The current version of the Company Law of the People’s Republic of China was passed by the Standing Committee of the National People’s Congress (“NPCSC”), and became effective on October 26, 2018 (《公司法》, hereinafter the “Current Version”) with 13 sections and 218 articles in total. On December 24, 2021, the Company Law of PRC (Draft Revision) (《公司法（修订草案）》, hereinafter the “Draft Revisions”) was released by the NPCSC for public comment. The final version will be subject to the review and approval of the NPCSC and the schedule for its final adoption is currently not specified.
This Draft Revision is seen as implementing the principles laid down during the 18th CCP Congress to “make major decisions and deployments to deepen the reform of state-owned enterprises, optimize the business environment, strengthen the protection of property rights, promote the healthy development of capital markets, and promote the further improvement and development of the company’s system and practices.” Given the length of changes in the Draft Revisions, this note intends to briefly summarize the proposed changes to the Company Law that would be relevant to multi-national companies (“MNCs”) with operations in China.
I. Corporate Governance
1. Change in Board of Directors (“BoD”) Requirements
(1) For “small sized” limited liability companies, a BoD will not be required.

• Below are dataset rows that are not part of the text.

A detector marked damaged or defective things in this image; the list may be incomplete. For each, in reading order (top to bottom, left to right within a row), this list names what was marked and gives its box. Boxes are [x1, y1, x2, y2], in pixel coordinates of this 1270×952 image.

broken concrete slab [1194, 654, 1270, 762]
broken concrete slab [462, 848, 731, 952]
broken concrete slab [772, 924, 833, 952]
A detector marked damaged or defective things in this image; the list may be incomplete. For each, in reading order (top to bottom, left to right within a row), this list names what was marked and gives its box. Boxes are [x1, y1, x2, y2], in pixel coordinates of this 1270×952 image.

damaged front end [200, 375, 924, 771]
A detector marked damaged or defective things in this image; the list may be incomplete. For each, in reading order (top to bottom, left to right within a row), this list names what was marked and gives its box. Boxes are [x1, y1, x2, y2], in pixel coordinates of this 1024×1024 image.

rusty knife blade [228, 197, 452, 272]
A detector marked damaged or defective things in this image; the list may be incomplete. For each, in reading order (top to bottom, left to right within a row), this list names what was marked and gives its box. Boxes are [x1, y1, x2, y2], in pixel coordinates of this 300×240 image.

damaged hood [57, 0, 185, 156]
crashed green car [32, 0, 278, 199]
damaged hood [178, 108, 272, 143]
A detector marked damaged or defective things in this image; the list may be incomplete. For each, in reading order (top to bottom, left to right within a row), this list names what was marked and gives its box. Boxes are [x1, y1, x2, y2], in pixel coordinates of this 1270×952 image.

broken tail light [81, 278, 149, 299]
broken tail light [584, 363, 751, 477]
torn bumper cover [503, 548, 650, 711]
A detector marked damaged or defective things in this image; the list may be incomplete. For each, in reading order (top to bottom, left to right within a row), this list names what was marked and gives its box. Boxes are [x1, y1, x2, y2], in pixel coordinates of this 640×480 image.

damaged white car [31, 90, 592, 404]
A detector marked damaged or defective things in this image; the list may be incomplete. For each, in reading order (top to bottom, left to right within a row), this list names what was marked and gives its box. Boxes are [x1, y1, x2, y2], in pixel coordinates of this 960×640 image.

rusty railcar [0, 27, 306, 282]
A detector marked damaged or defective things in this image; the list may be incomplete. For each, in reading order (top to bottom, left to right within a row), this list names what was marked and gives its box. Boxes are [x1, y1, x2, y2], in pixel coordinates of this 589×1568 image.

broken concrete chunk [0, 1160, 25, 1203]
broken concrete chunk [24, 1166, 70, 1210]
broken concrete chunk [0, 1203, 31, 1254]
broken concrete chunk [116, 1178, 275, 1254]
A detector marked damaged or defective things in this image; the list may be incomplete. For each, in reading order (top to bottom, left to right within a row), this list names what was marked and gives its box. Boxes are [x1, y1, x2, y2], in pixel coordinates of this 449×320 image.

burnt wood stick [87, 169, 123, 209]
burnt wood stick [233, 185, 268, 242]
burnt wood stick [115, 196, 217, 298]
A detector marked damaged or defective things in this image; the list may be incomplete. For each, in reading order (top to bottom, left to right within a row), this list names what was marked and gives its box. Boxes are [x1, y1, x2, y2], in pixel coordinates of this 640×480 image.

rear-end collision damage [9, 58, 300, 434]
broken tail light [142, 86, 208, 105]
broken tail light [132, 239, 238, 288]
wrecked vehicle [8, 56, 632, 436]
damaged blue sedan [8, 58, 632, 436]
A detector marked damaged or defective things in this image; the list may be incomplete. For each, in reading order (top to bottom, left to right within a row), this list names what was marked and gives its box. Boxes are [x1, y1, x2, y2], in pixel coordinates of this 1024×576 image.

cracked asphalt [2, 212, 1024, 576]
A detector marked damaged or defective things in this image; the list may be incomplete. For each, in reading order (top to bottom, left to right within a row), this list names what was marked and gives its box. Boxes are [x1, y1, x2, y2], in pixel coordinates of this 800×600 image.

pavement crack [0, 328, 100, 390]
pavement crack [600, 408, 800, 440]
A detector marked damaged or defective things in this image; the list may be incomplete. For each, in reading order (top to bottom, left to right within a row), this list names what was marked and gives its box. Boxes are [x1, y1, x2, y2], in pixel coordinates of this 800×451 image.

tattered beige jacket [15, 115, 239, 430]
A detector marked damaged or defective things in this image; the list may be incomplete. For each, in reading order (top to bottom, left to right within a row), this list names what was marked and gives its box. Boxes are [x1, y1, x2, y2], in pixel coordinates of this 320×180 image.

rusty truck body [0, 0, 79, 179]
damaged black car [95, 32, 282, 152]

Under the Current Version, a BoD is a necessary management authority of a company and is required to be established. In the Draft Revision, Article 70 and Article 130 suggest that a relatively small company can appoint a sole director instead of a BoD and if such company is incorporated with limited liability, it can just appoint a general manager and may not need a BoD. For some small sized wholly foreign owned enterprises (“WFOE”), the management arrangement could be streamlined accordingly, which may reduce the complexity of registration documents. Please note that the definition of what is considered “small sized” is not clear in the Draft Revision.